Les contributions de la section de Bully les mines aux Etats généraux du PS
Démocratie et représentation
La Démocratie représentative a été inventée il y a très longtemps, à une époque où les moyens de communication étaient quasi inexistants et où la majeure partie de la population n’avait pas accès à l’éducation et avait donc une vision restreinte du monde qui l’entourait. Aujourd’hui où la communication est instantanée, où tout le monde peut avoir accès à l’information et où le niveau moyen d’éducation a fortement augmenté, le système représentatif où l’on donne tous les pouvoirs à quelqu’un pour une longue période de 5 ou 6 ans est-il toujours d’actualité ? La question centrale est celle de la relation continue entre l’élu et ses électeurs. Sans remettre en cause la capacité d’agir de l’élu, ne faut-il pas envisager un mode liaison qui ferait de lui un animateur de décision collective plus qu’un décideur isolé.
On nous rétorquera qu’une grande partie de la population veut des leaders, préfère s’en remettre à une décision qu’ils n’ont pas prise et donc qu’ils peuvent critiquer… C’est un des volets de l’individualisme grandissant de notre société. Etre socialiste c’est, entre autres, promouvoir les intérêts collectifs, c’est donner du sens au « vivre ensemble ». Mais on ne change pas les pratiques du jour au lendemain. Il faut commencer par une politique volontariste du parti en menant de front une réforme de la pratique politique et un vrai travail d’éducation à la citoyenneté.
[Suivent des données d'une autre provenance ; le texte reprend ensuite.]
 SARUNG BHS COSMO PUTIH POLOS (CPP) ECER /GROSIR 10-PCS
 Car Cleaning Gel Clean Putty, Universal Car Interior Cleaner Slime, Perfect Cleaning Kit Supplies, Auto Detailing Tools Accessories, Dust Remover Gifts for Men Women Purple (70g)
Un obstacle important à ce travail d’éducation sera la médiatisation grandissante qui caricature la pensée en voulant toujours la simplifier voire influencer les débats vers une forme de pensée unique. L’absence de contrôle indépendant ne permet pas d’assurer une véritable déontologie médiatique.
Le changement de la pratique des élus va déjà évoluer avec la limite du cumul des mandats mais cette réforme ne sera efficace que si elle s’accompagne de quatre autres éléments :
- une limitation du cumul des fonctions. Comment une personne peut-elle assurer un ou deux mandats électifs et plusieurs présidences de divers organismes… et pourtant, nous avons en France un grand nombre d’élus qui pourraient être responsabilisés sur les différentes fonctions,
- une limitation du renouvellement des mandats (pas plus de deux mandats successifs),
- Instaurer une limite d’âge pour être candidat,
- une véritable prise en compte du statut des élus permettant une véritable porte de sortie des mandats et des fonctions.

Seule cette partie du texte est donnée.